Paradise Lost (2022)
Artist: Amnya Walayat
Artist Statement: Power and control are core themes that I aim to address in my work. These themes can be found in all elements of life on this planet, amongst humans, animals, and even in the botanical world. Power struggles, particularly between genders, and in politics, race and slavery inspire me to address other related issues. My work is informed by Michel Foucault’s ideas on power and Edward Said’s work on Orientalism that I studied during my MA in University College Cork.
Using the medium of traditional and neo-Indo-Persian miniature painting and the language of symbolism, my work expresses my hybrid cultural experiences. Being female, Asian, and Muslim, as well as a migrant, mother and artist, these personal strands of identity provide me with the opportunity to connect with global issues in general.

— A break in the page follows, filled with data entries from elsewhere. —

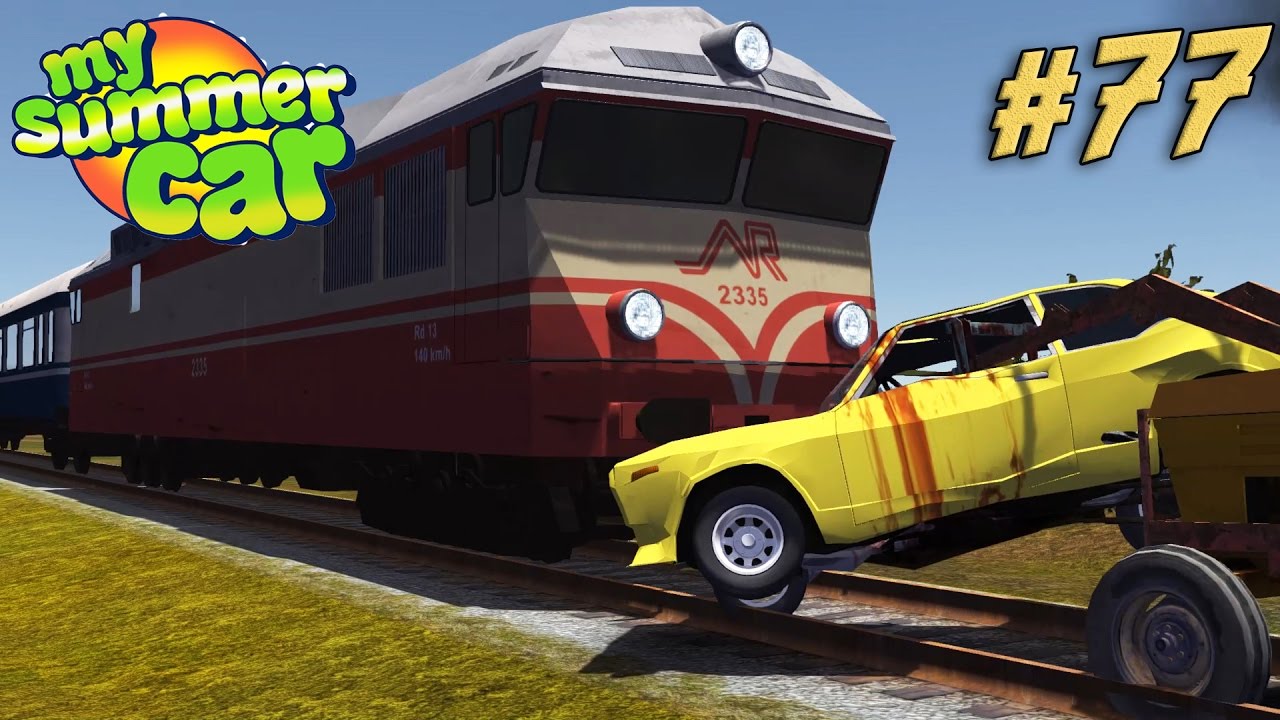 TREN CONTRA EL COCHE AMARILLO - MY SUMMER CAR #77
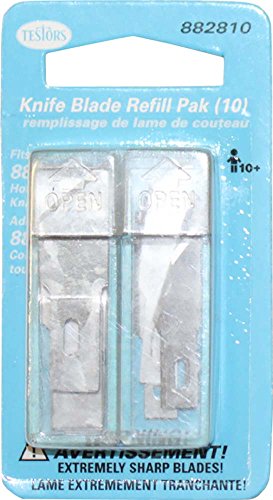 Hawk 10 Piece Assorted Sizes & Shapes Crafting Blades For Knife | Steel Build For Sharp Precise Cutting | Great For Arts & Crafts #TOP3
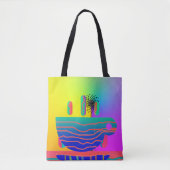 Kaffee oder Tee? Dekorativ  Tasche (Vorderseite)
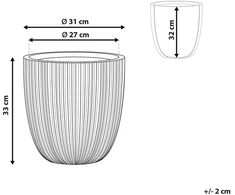 Beliani Gėlių vazonėlis CHIOS 31 cm smėlio spalvos
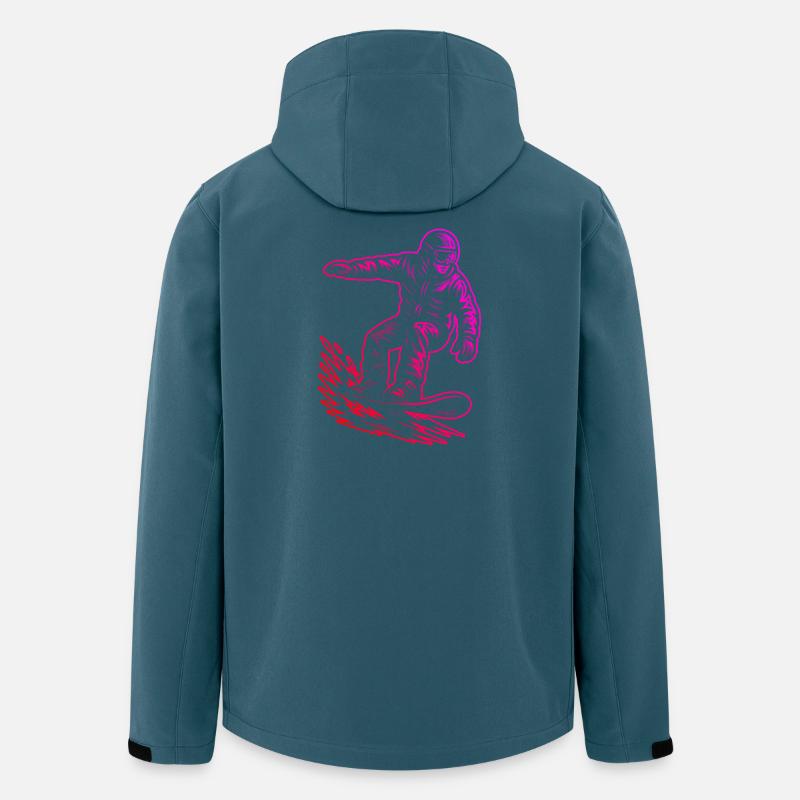 Klassisches Snowboard Motiv - Recycelte Männer Softshell-Jacke von Stanley/Stella - Dunkles Petrol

Violence against women and children, particularly in various cultural contexts, are themes that I continuously address in my work. The violence against women and children in Mother and Baby homes in Ireland resonates with me alongside the theme of international human rights. Working as an artist activist, my paintings are silent protests or performances against this violence
Artist Biography: Amna Walayat is a Cork-based Pakistani-born emerging mixed media visual artist. Her current practice is based on traditional and neo-Indo-Persian Miniature painting, expressing her hybrid cultural experiences and her position as migrant artist. Recently, she mounted her first solo exhibition as a part of the Cork mid-summer festival under Pluck Project (2022). Her work was exhibited in the yearlong exhibition The Narrow Gate of Here and Now at IMMA (2021-2022), 191 RHA (2021), Dublin Arts and Human Rights Festival in Chester Beatty and Mill Theatre (15-24 October 2021) and with a two-person show at LHQ (March 2021). \n She is interested in the promotion of South Asian Art and Culture in Ireland and Europe. She has worked as Creative Producer in Residence with Cork County Council for her community-based project ‘South Asia Community Museum in Ireland’. \n Amna has an MA in Modern and Contemporary Art History Theory and Criticism from UCC, and an MA in Fine Arts from Punjab University, Lahore. She has worked as Programme Organiser with the Pakistan National Council of Arts and as a Curator with Alhambra Arts Council (2001-07). She has worked with Cultural Action Europe as a MENA Cultural Agent for advising on policies (2021). She is a member of Sample-Studios, Backwater Artists, Art Nomads, Smashing Times International Centre for the Arts and Equality and Visual Artists Ireland, and is a recent recipient of The Arts Council Ireland’s Next Generation Award and Project Arts Centre Bursary Award.